═════ Records to use
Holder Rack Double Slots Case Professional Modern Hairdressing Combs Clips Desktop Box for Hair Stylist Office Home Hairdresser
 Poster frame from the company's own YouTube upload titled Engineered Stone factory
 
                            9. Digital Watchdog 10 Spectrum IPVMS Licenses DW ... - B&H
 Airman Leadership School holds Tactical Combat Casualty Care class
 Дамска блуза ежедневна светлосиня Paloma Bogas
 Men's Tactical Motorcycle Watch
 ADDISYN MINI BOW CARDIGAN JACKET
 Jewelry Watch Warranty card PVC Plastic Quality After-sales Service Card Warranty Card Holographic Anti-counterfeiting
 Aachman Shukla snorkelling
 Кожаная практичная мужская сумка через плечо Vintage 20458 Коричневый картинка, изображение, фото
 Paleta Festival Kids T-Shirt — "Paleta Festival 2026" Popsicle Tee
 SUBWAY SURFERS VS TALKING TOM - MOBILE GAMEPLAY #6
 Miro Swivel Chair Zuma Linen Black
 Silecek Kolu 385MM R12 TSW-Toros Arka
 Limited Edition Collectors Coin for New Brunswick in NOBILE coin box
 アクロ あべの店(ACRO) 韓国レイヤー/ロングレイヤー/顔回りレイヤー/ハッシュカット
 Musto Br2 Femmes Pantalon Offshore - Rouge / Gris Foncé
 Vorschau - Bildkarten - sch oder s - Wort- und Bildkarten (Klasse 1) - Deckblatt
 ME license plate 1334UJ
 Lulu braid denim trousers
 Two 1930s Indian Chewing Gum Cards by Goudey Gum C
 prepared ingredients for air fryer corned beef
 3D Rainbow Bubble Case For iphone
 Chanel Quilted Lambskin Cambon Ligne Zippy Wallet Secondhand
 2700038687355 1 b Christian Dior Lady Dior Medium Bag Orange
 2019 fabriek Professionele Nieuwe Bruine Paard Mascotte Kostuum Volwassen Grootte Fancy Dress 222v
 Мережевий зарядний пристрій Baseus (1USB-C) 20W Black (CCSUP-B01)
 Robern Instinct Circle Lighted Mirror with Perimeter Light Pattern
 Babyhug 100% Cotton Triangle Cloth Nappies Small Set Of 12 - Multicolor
══════════
Task prompt: Look through the data above and return exactly the lines from the one that contains "Jewelry Watch Warranty" to the one that contains "Robern Instinct Circle", inclusive, with nothing else.

Exercise result:
 Jewelry Watch Warranty card PVC Plastic Quality After-sales Service Card Warranty Card Holographic Anti-counterfeiting
 Aachman Shukla snorkelling
 Кожаная практичная мужская сумка через плечо Vintage 20458 Коричневый картинка, изображение, фото
 Paleta Festival Kids T-Shirt — "Paleta Festival 2026" Popsicle Tee
 SUBWAY SURFERS VS TALKING TOM - MOBILE GAMEPLAY #6
 Miro Swivel Chair Zuma Linen Black
 Silecek Kolu 385MM R12 TSW-Toros Arka
 Limited Edition Collectors Coin for New Brunswick in NOBILE coin box
 アクロ あべの店(ACRO) 韓国レイヤー/ロングレイヤー/顔回りレイヤー/ハッシュカット
 Musto Br2 Femmes Pantalon Offshore - Rouge / Gris Foncé
 Vorschau - Bildkarten - sch oder s - Wort- und Bildkarten (Klasse 1) - Deckblatt
 ME license plate 1334UJ
 Lulu braid denim trousers
 Two 1930s Indian Chewing Gum Cards by Goudey Gum C
 prepared ingredients for air fryer corned beef
 3D Rainbow Bubble Case For iphone
 Chanel Quilted Lambskin Cambon Ligne Zippy Wallet Secondhand
 2700038687355 1 b Christian Dior Lady Dior Medium Bag Orange
 2019 fabriek Professionele Nieuwe Bruine Paard Mascotte Kostuum Volwassen Grootte Fancy Dress 222v
 Мережевий зарядний пристрій Baseus (1USB-C) 20W Black (CCSUP-B01)
 Robern Instinct Circle Lighted Mirror with Perimeter Light Pattern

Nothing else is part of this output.